Personal life
- Born: Uri Shraga Mayerfeld Vineland, New Jersey
- Spouse: Esther Mayerfeld (Friedler)
- Parent(s): Manfred Mayerfeld and Else (Lustig) Mayerfeld
- Occupation: Rosh Yeshiva

Religious life
- Religion: Judaism

Jewish leader
- Predecessor: Rabbi Gavriel Ginsburg
- Yeshiva: Yeshivas Ner Yisroel of Toronto
- Position: Rosh Yeshiva
- Residence: Vaughan, Ontario
- Semikhah: Beis Medrash Govoha

= Uri Mayerfeld =

21st-century Canadian Rosh Yeshiva

Uri Shraga Mayerfeld is a Rabbi and posek in Canada. He is the current Rosh Yeshiva (headmaster) of Yeshivas Ner Yisroel of Toronto in Toronto, Ontario.

== Biography ==
Rabbi Mayerfeld was born in Vineland, New Jersey. His father, Manfred Mayerfeld, was in the poultry business and was an active member of the Vineland Jewish community.

In his early years, Rabbi Mayerfeld studied in Philadelphia Yeshiva under the tutelage of Rabbi Shmuel Kamenetsky and Rabbi Elya Svei, and in Brisk yeshiva under the tutelage of Rabbi Berel Soloveitchik. He also studied under Rabbi Shneur Kotler and Rabbi Nosson Wachtfogel, and received smicha (rabbinic ordination) in 1971 from their yeshiva Beth Medrash Govoha of Lakewood, New Jersey.
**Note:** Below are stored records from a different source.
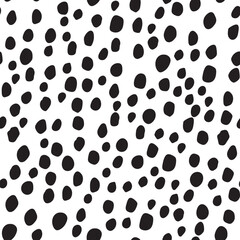 Animal Blot. Seamless Fur Background. Black Animal Grunge. Speckle Paint Blob. Dalmatian Dog Texture. Isolated Ink Cheetah Blotter. Polkadot Dots Pattern White Fluid Dot. Oval Dirt. Vector Shape.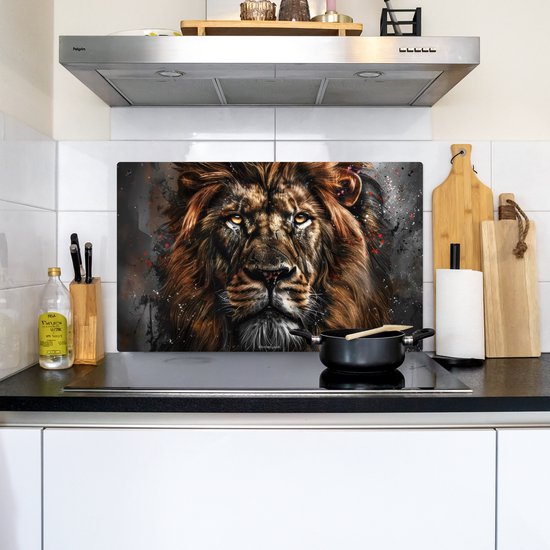KitchenYeah® Protection plaque induction 85x50 cm - Lion - Animal - Peinture - Noir - Protege plaque de cuisson - Couvre plaque induction - Protecteur d'induction - Cuisine
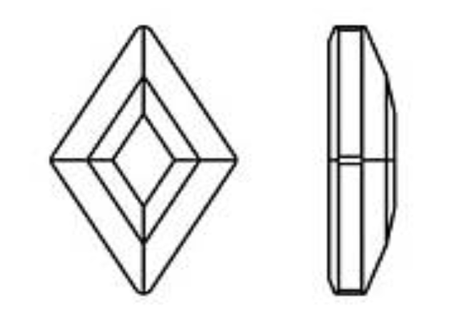 Swarovski 2773 Diamond Shape Flat Back Crystal Aurum 9.9x5.9mm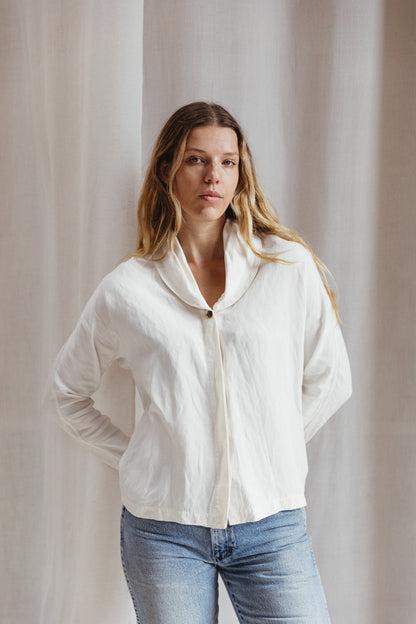 80's Gianni Versace Drape Neck Collar Blouse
When Rabbi Mayerfeld joined the Ner Yisroel faculty, he was a high school rebbi (religious studies teacher). He was promoted to Rosh Yeshiva after the death of the former Rosh Yeshiva, Rabbi Dov Gavriel Ginsburg.

Currently, Rabbi Mayerfeld is an active leader of the Toronto Jewish community. He leads a daf yomi (Talmud) class for the general public and frequently speaks at public Jewish events.